It is not good starting the New Year with a sense of foreboding and I was dreading my first two TRIZ courses in 2006. These were at the engineering departments of Bradford University and Sheffield Hallam and I had my southerners prejudice to northern cities in January.

I love teaching TRIZ at universities and my experience of teaching TRIZ to academics has been almost always very enjoyable. Occasionally however there is hostility to TRIZ, as something new to them, from some awkward and vociferous individual and I have previously encountered one or two difficult engineering academics initially very opposed to it all - but who have since become enthusiasts for TRIZ (and good friends). 

Academics with TRIZ can be a bit like the nursery rhyme  ...

There was a little girl with a little curl right in the middle of her forehead 
When she was good she was very, very good and when she was bad she was horrid. 

To be fair, nearly all the academics I have taught have been very, very good, but one or two have been startlingly horrid and hated the idea of TRIZ supplementing formal engineering training to foster innovation and fast problem solving. There is a suspicion that somehow TRIZ is too good to be true, and anything which guides engineers to quick answers must be quite suspect. I have also had some sticky moments at some public TRIZ lectures from furious and shocked engineers who refuse to believe that TRIZ shows how there are just 40 ways of solving most engineering problems. 

Most come round to TRIZ, once they look at it and try it, but it still threatens some. One training manager I know in a military establishment still actively fights to prevent TRIZ being taught again in his organization - despite their new TRIZ patents and an active and successful TRIZ group. 
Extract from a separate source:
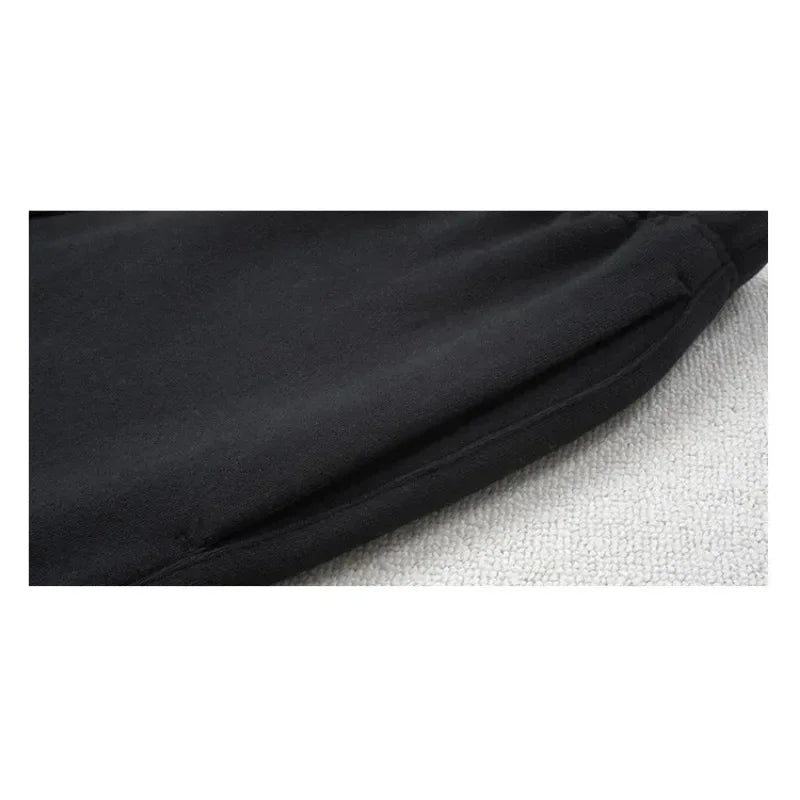 FW24 Luxury Brand Men's Casual Pants Flocking Letter Logo Wide Leg Pants Designer Brand Top Quality Sweatpants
Most academics we have taught have taken TRIZ to their students enthusiastically because it helps them see the big picture in engineering and to approach projects systematically, and put their other engineering tools in context. 

When I was a Governor of Coventry University I encouraged TRIZ and for some years TRIZ has made its mark at Coventry and has been available on postgraduate courses through Dr. Peter Griffiths and others. We also taught the TRIZ Biomimetics group their first TRIZ at Bath University, under Professor Julian Vincent, and found them very receptive to it all. They are now very active in the TRIZ community with published papers, much research and fascinating results. 

Universities use TRIZ


Bradford and Sheffield of course turned out to be hugely enjoyable, challenging and very rewarding for me. Both courses were delightful, both the Cities and the Universities were a fabulous surprise, and the academics were all open-minded, enthusiastic and excited by the TRIZ tools and process. 

I learn something new on every course I teach but these made me think hard about the nature of engineering teaching, and what we need for our future engineers. 

The Bradford group immediately wanted to apply TRIZ to their most pressing and important problem - their future and how to get more good, mathematically able, local students to apply to Bradford University's (excellent) Engineering Department. This involves looking at the future directions of engineering teaching at Bradford and the best future structure and resources of the department itself. 

We are now using TRIZ to look at this problem and structure our approach to tackling this problem. 

TRIZ at BRADford

At Bradford we first looked at how to use TRIZ to approach their problem of attracting more local students to their excellent accredited engineering courses. Bradford has a well established, good reputation for producing good engineers. Employment prospects are excellent for their graduates and they attract good students from all over the world. 

This problem solving with their team has only just begun and we hope to use TRIZ over the next two months to look for clear and detailed solution directions. I would like to show you how we have begun the process and at a later date show the progress of the problem solving with TRIZ on a very general and important problem. 

The old problems include issues like:- 

- How to reach and inspire mathematically able teenagers who are initially attracted to engineering and probably know little about it? 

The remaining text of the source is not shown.